======== GIVEN RECORDS ========

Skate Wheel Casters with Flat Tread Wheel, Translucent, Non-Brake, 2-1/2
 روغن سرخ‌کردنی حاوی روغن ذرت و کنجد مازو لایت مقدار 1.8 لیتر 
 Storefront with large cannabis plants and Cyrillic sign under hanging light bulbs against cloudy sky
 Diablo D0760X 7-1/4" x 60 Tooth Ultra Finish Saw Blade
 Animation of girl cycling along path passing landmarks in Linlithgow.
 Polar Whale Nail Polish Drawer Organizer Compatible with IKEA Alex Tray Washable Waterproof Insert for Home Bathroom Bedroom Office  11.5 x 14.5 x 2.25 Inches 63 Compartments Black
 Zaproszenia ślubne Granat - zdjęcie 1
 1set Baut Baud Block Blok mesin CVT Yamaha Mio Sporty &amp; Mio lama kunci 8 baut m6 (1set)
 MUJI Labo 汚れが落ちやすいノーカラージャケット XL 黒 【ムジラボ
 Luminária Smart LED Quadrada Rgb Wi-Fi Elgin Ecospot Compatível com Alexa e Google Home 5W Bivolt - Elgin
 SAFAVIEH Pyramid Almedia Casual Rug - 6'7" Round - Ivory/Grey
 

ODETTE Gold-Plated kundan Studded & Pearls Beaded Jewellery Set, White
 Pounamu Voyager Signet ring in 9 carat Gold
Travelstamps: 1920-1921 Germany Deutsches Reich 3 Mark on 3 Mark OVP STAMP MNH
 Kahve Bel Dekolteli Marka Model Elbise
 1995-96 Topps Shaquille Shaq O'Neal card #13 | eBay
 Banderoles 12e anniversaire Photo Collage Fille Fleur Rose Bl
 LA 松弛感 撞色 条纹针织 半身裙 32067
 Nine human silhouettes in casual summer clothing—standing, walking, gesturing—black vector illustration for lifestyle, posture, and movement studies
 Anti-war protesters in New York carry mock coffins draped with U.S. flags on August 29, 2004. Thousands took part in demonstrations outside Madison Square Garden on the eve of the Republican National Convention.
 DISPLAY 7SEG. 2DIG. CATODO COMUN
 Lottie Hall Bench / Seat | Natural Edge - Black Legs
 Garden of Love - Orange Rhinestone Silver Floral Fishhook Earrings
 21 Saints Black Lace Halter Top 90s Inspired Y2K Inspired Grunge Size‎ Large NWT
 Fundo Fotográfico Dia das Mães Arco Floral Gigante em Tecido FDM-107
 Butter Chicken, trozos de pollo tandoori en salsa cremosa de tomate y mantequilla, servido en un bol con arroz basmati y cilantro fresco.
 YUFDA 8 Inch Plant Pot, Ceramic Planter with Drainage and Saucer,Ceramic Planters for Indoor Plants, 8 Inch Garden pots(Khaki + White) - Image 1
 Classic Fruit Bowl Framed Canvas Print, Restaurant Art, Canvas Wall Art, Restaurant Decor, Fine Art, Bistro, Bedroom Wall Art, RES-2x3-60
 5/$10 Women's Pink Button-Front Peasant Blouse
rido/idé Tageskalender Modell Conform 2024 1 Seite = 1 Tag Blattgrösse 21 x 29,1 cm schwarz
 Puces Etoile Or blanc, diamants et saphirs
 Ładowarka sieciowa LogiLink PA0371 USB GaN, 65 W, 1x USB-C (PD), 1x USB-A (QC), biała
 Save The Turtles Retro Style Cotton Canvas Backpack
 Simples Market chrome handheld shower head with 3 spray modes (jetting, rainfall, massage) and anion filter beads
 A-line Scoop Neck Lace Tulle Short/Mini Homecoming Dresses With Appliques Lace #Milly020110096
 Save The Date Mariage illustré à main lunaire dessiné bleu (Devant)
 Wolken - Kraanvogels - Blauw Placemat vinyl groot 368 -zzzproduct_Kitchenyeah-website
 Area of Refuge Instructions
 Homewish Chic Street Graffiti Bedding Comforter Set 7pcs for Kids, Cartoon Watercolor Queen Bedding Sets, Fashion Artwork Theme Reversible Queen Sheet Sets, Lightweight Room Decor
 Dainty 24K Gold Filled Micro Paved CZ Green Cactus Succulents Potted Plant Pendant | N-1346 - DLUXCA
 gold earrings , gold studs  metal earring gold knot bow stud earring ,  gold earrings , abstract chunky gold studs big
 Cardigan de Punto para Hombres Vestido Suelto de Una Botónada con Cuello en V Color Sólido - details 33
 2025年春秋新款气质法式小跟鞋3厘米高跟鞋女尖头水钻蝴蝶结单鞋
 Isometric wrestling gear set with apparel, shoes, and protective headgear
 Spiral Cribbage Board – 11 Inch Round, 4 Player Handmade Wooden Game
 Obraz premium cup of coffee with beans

========

§ PROBLEM REQUIREMENTS
Your reply should hold only the lines from the first line of the records through the one with "Finish Saw Blade", reproduced word for word.

§ EXERCISE SOLUTION
Skate Wheel Casters with Flat Tread Wheel, Translucent, Non-Brake, 2-1/2
 روغن سرخ‌کردنی حاوی روغن ذرت و کنجد مازو لایت مقدار 1.8 لیتر 
 Storefront with large cannabis plants and Cyrillic sign under hanging light bulbs against cloudy sky
 Diablo D0760X 7-1/4" x 60 Tooth Ultra Finish Saw Blade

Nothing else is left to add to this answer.